» TASK INSTRUCTIONS: Only the lines below from the one containing "歡樂兜風(fēng)車" through the last line should be set down, exactly as written and with no pictures.

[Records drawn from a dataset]
______

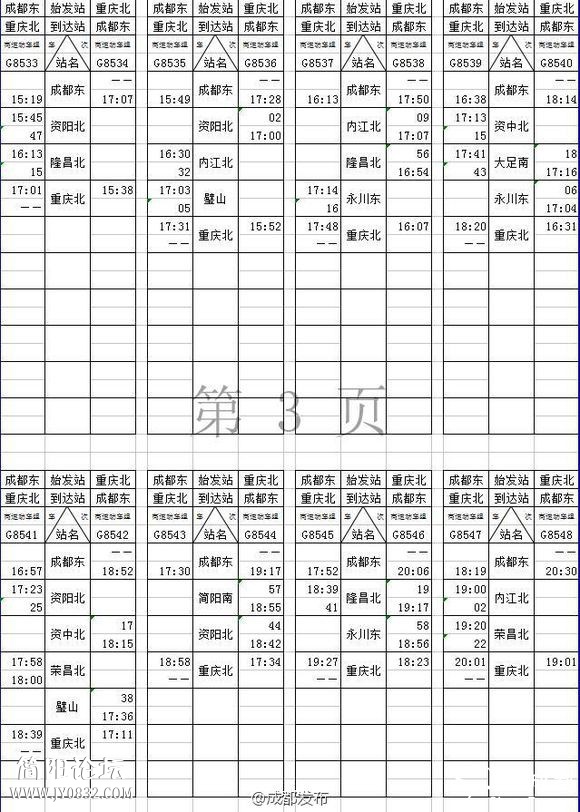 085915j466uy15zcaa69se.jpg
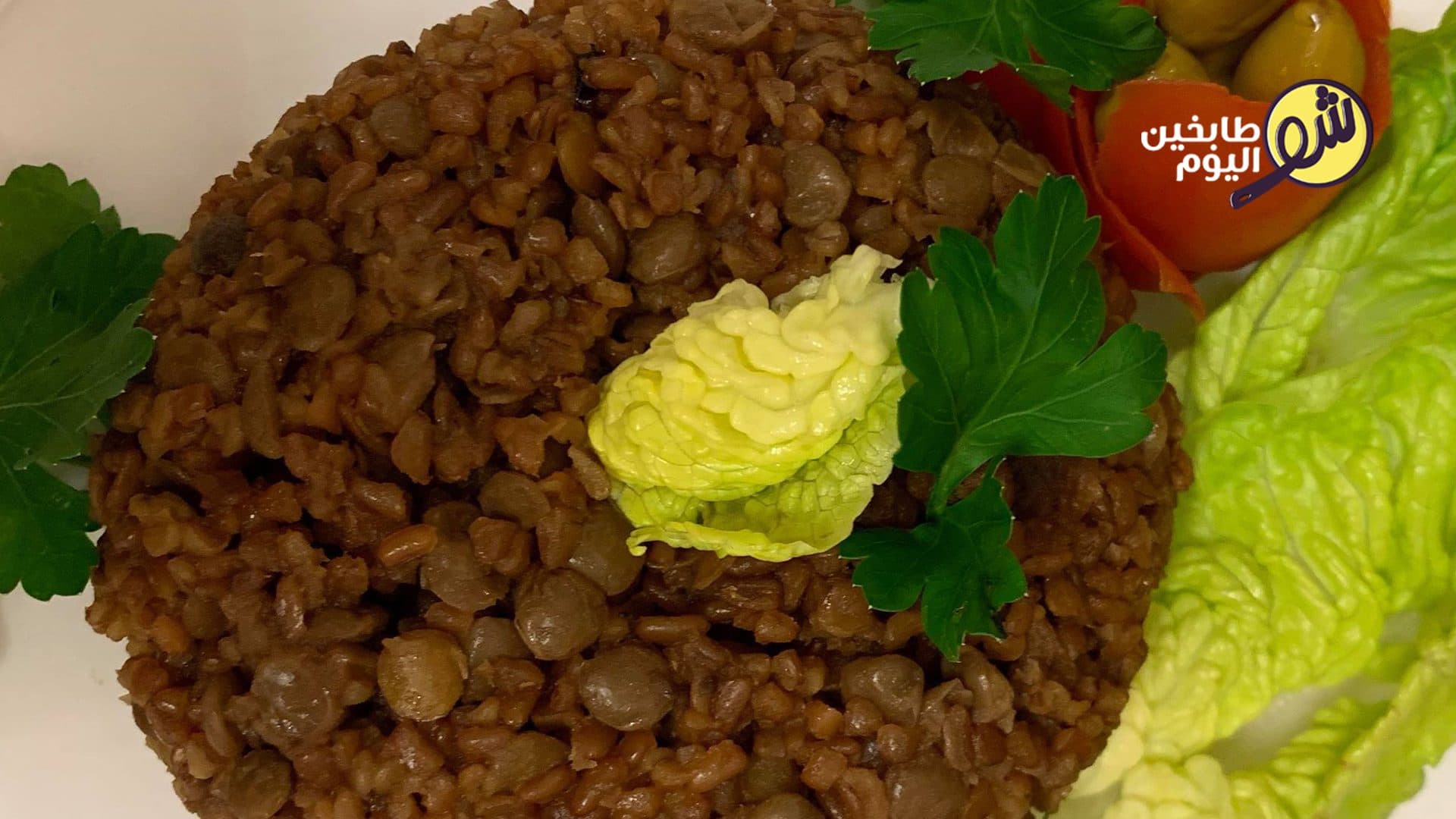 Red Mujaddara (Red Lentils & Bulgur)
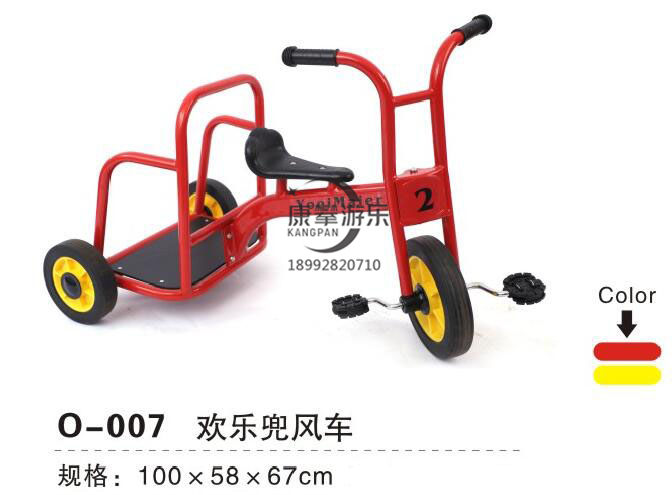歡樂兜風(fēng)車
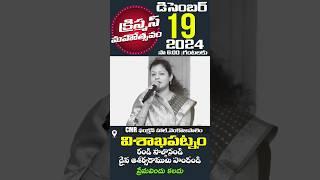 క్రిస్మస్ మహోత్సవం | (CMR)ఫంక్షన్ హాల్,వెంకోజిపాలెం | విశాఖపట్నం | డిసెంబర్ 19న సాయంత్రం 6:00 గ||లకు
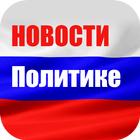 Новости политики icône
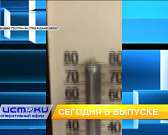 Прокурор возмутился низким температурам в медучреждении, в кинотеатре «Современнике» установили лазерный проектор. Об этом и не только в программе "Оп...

______

» RESULT OF THE EXERCISE:
歡樂兜風(fēng)車
 క్రిస్మస్ మహోత్సవం | (CMR)ఫంక్షన్ హాల్,వెంకోజిపాలెం | విశాఖపట్నం | డిసెంబర్ 19న సాయంత్రం 6:00 గ||లకు
 Новости политики icône
 Прокурор возмутился низким температурам в медучреждении, в кинотеатре «Современнике» установили лазерный проектор. Об этом и не только в программе "Оп...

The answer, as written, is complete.